Review: Phoenix Dance Theatre in Mixed Bill at Sadler's Wells

Performance: 28 & 29 April 08
Reviewed by Graham Watts - Thursday 1 May 2008

Sadler’s Wells: 29 April 2008

In his programme notes Javier De Frutos confesses to finding the process of creation to be ‘extraordinarily difficult’, perhaps made more so by the competing demands of his relatively new role as Artistic Director of Phoenix Dance Theatre. What is not in question, though, are his programming skills. This quadruple bill is intelligently crafted and attractive, providing a seamless series of baroque-inspired dance that, although created many years apart, appeared to have lived side-by-side, forever.

De Frutos has given Phoenix yet another new lease of life with a commitment to expand its repertoire with new work by outstanding modern choreographers (including a regular flow of his own output) and also to recreate classic American contemporary dance works for a new audience. Last year, it was Jane Dudley’s ebullient burst of life in *‘Harmonica Breakdown’ that was brought back to life, winning *Kialea Nadine-Williams a National Dance award in the process; this year it is José Limón’s wonderful modern Baroque masterpieces, Chaconne’(1942) and *‘The Moor’s Pavane’ (1949) that have been lovingly resuscitated (under the expert direction of *Sarah Stackhouse – a former principal dancer and partner to Limón).

I was completely absorbed in the constant renewal of theme and variation in Limón’s solo, ‘Chaconne’, enhanced by the precision of Dane Hurst’s brilliant exhibition of baroque movement, which so perfectly inhabited Limón’s spatial masterplan; it was like watching an 18th Century draughtsman creating the most intricate architectural drawing with every part of his body. Varying the same basic themes is also the wherewithal of ‘The Moor’s Pavanne’, perhaps the most seminal use of a baroque movement language in twentieth century modern dance: the legs are never lifted high; hand, arm and back movements are subtle curves and gentle rotations; this is cerebral, rather than gymnastic dance. Whilst the aesthetics of this Limón gem were well observed by the Phoenix dancers, I wasn’t so impressed by the lack of consistency in the crispness of movement, which may signify nothing other than the impossible complexity of the frequently repeated steps.
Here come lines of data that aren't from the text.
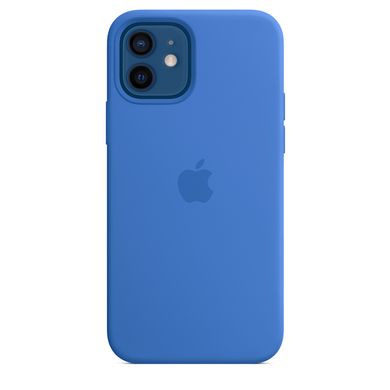 Силиконовый чехол MIC Silicone Case (OEM) (с MagSafe) iPhone 12/12 Pro - Pink citrus, цена | Фото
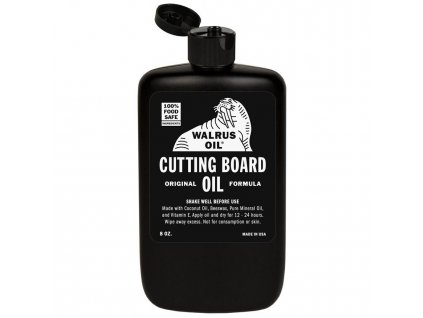 Walrus Oil Cutting Board Oil 32 oz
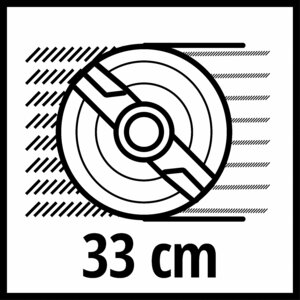 RASARRO 18/330 BL (1x3,0Ah)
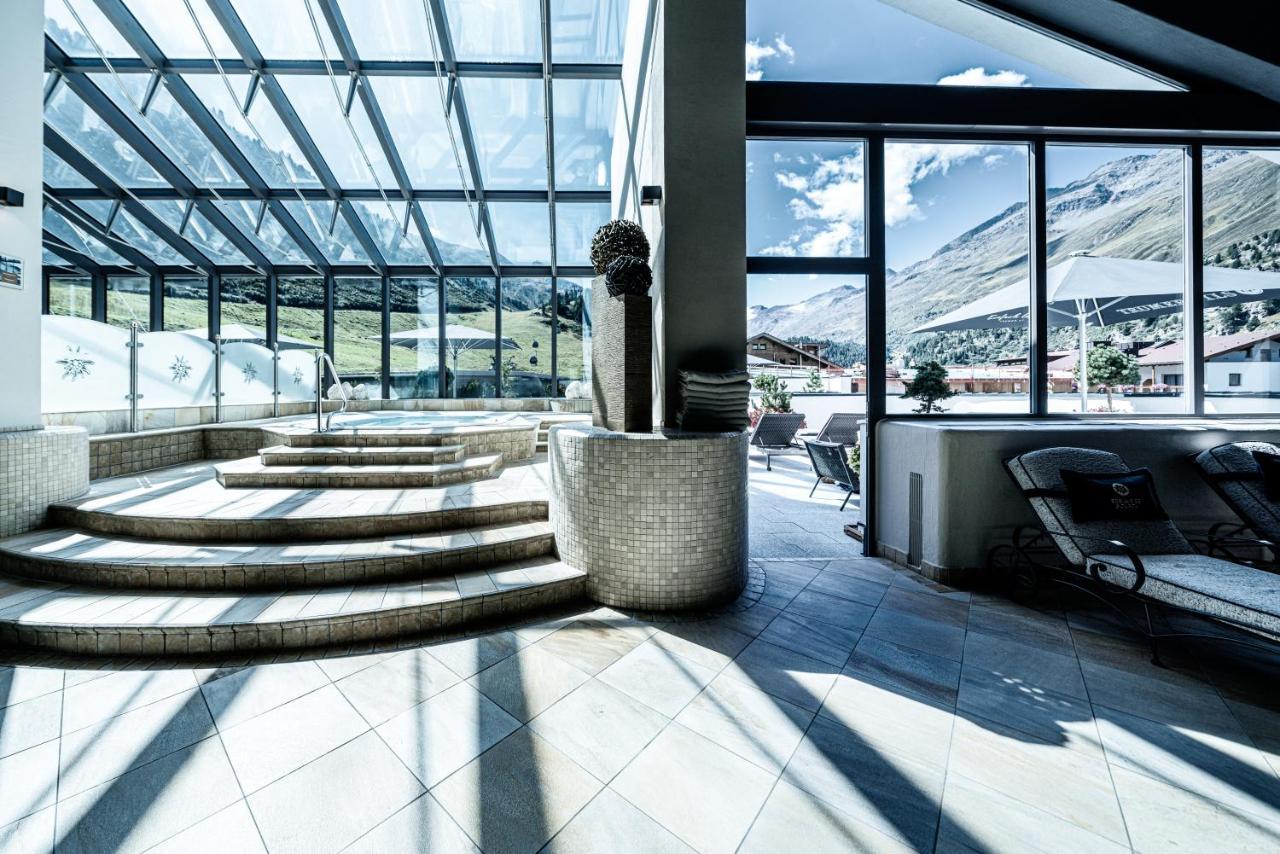 Hotel Edelweiss & Gurgl Obergurgl Exterior photo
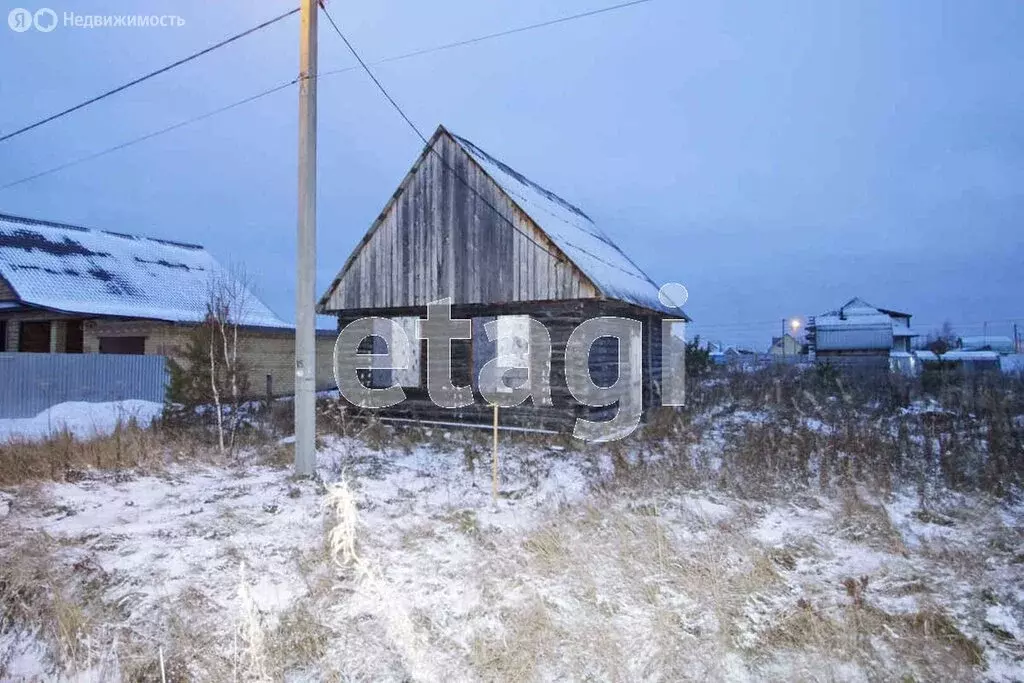 Дом в посёлок городского типа Богандинский, улица Герцена (65 м) - Фото 0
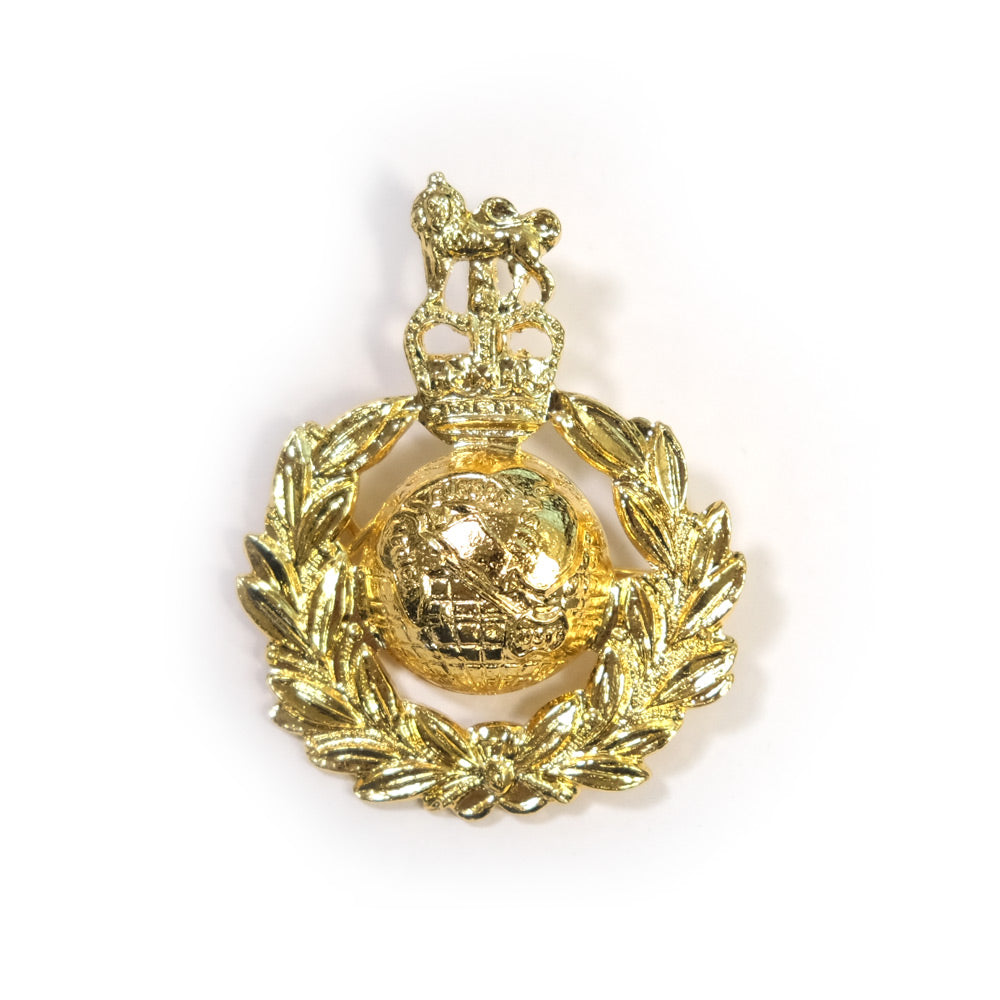 ROYAL MARINES PIN BADGE / BROOCH
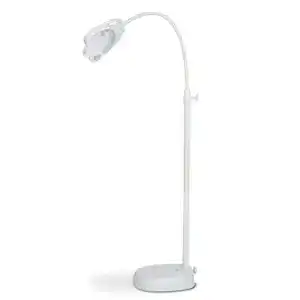 Tageslicht stehlampe purelite led lupenlampe tri spektrum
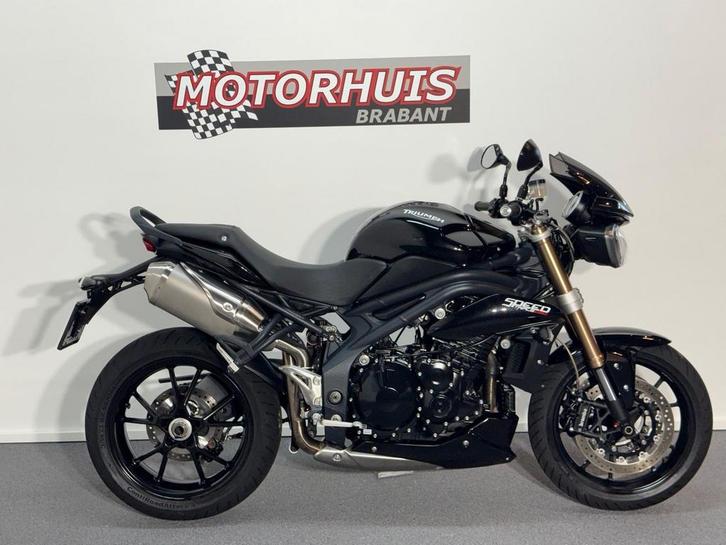 TRIUMPH SPEED TRIPLE 1050, Motoren, Motoren | Triumph, Bedrijf, Naked bike
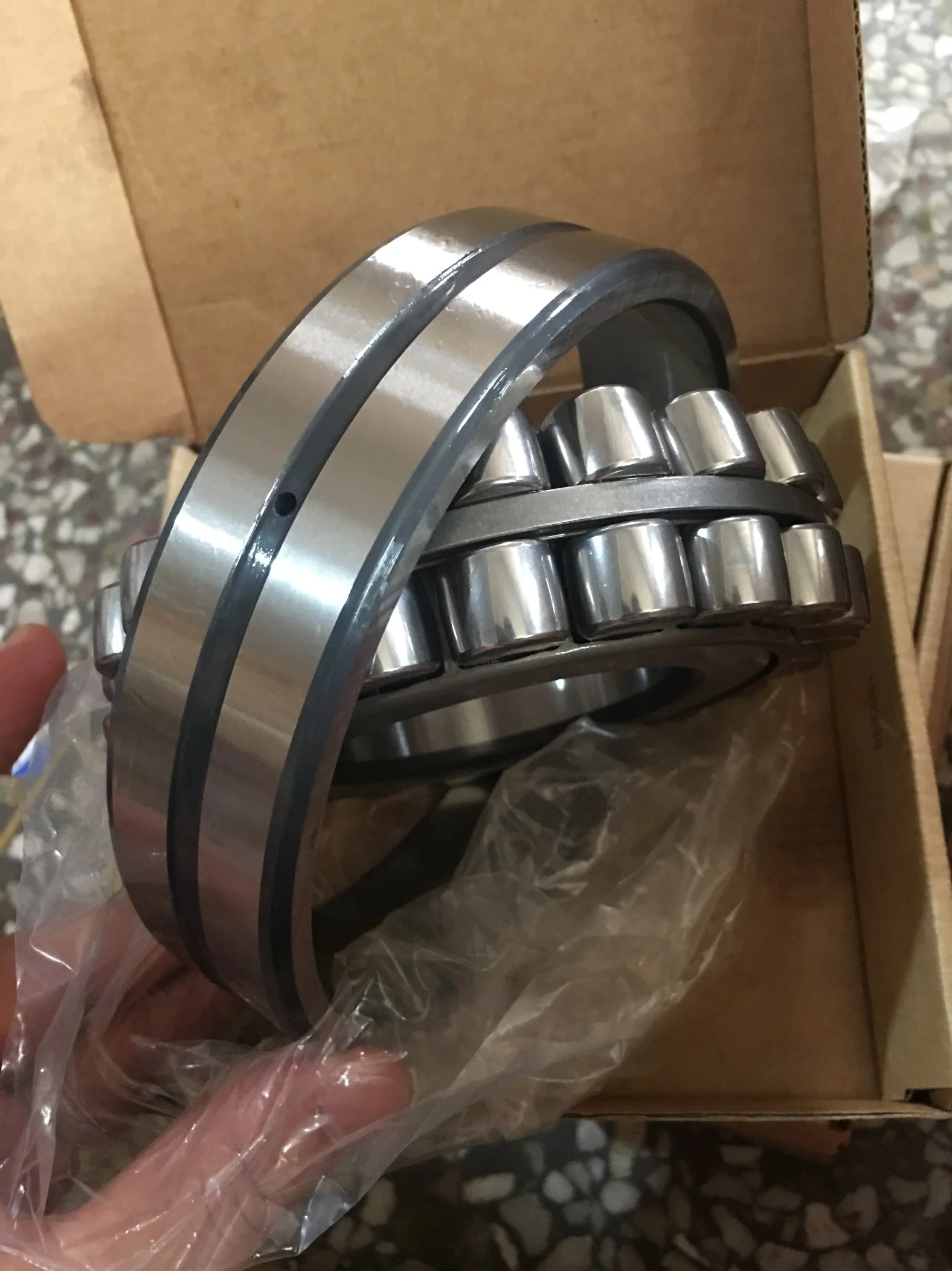 High quality/High cost performance  Bearing Set for Mining Machine 23230 23232 23234 Cc Ca MB W33 Spherical Roller Bearings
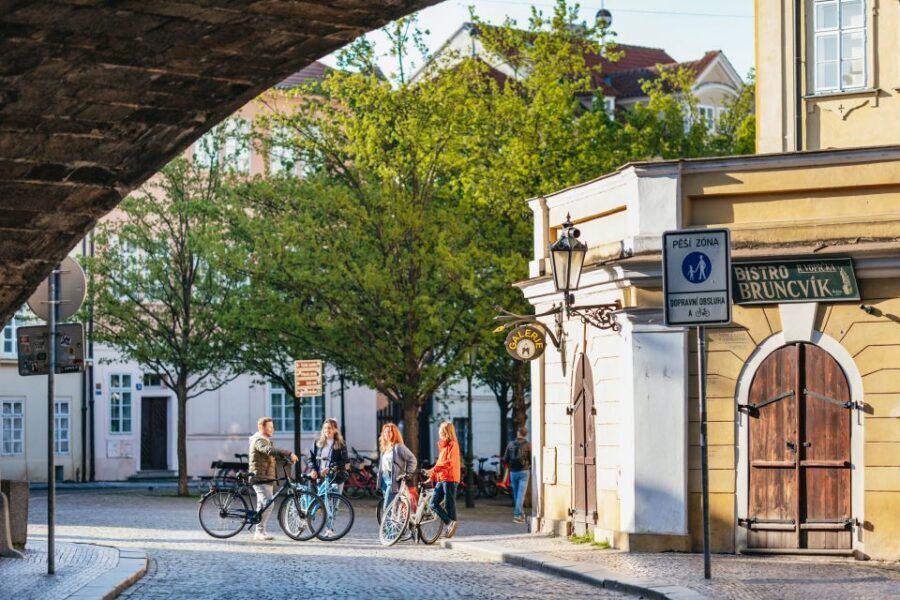 Prague: Complete Bike Tour - Who should book this bike tour, and who should think twice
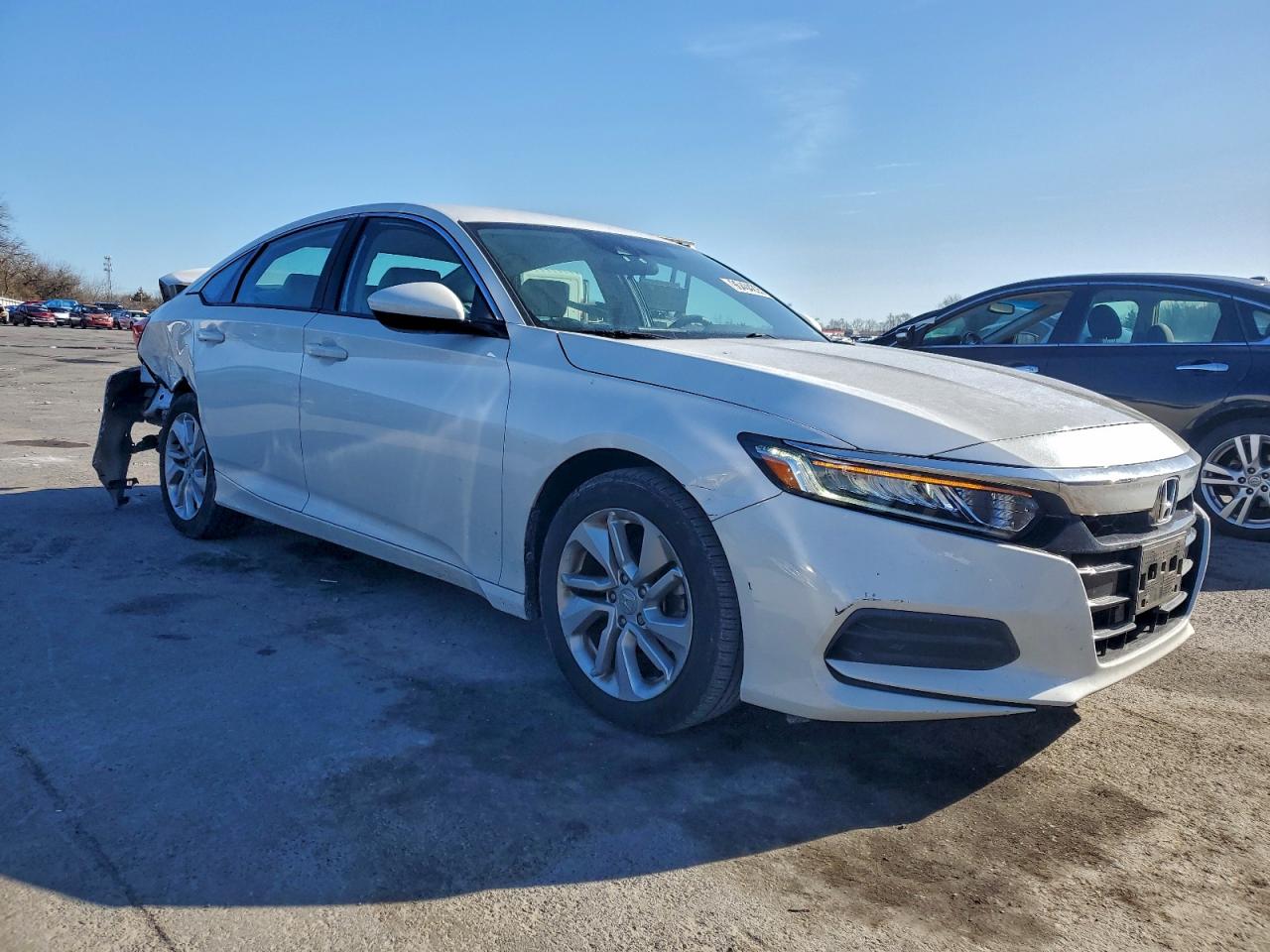 2020 HONDA ACCORD LX photo 4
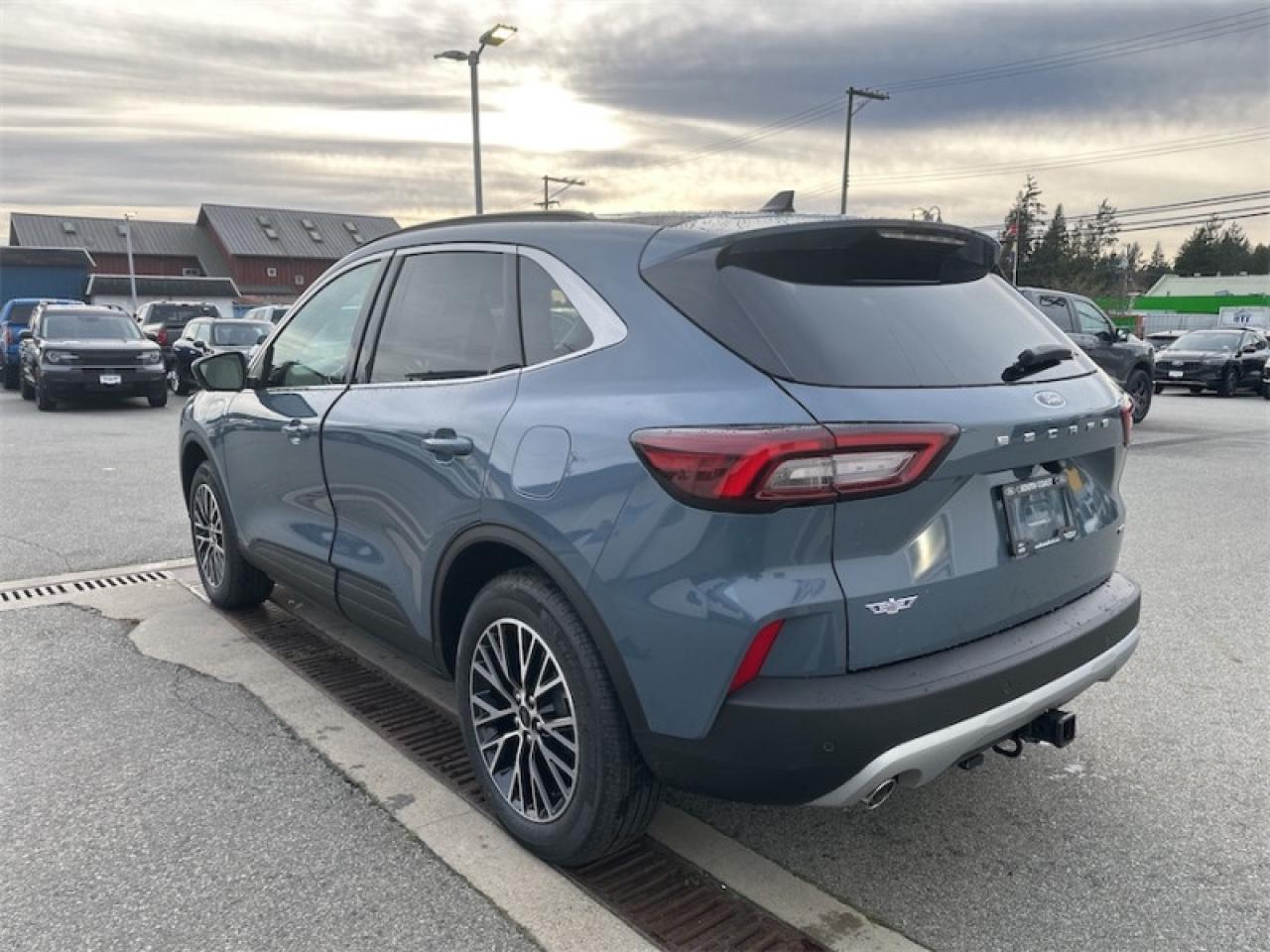 2026 Ford Escape PHEV  - 360 Camera Photo2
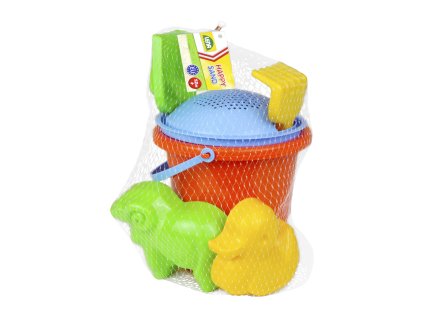 Lena Pieskový set s vedierkom 7 dielov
The best compliment for the two De Frutos works that enveloped the Limón content is that the fit was perfect. The opener – ‘Blue Roses’ – builds upon De Frutos’ own research into the work of Tennessee Williams, specifically inspired by selected passages from ‘The Glass Menagerie’, which is a thinly-veiled auto-biographical work. Williams’ words provide the score and achieve a level of musicality that goes well beyond what one could expect from a spoken text and the choreography generally articulated the words with a sophisticated intent; like a thoughtful, musical sign language.

Finally, I liked De Frutos’ ‘*Paseillo’* much more in this sympathetic baroque-inspired context than when pared with the earthy, violent ‘Los Picadores’. It has a special passion as dancers, dressed in long, neutral, almost monk-like gowns perform a long series of sequential dances in what appears to be a ring (an image encouraged by the regular parading of boxing-round numbers on placards). I love the ending, where Mozart’s sacramental music is suddenly replaced by the Aloha Chorus’ ‘Farewell to You’ – a touch of unpredictability that is lined with genius.

This was not a programme for anyone that likes dance without having to work too hard. It’s a challenging, cerebral exercise, but one that is well worth the effort and shows off the artistic and performance brilliance of this small company to very good effect.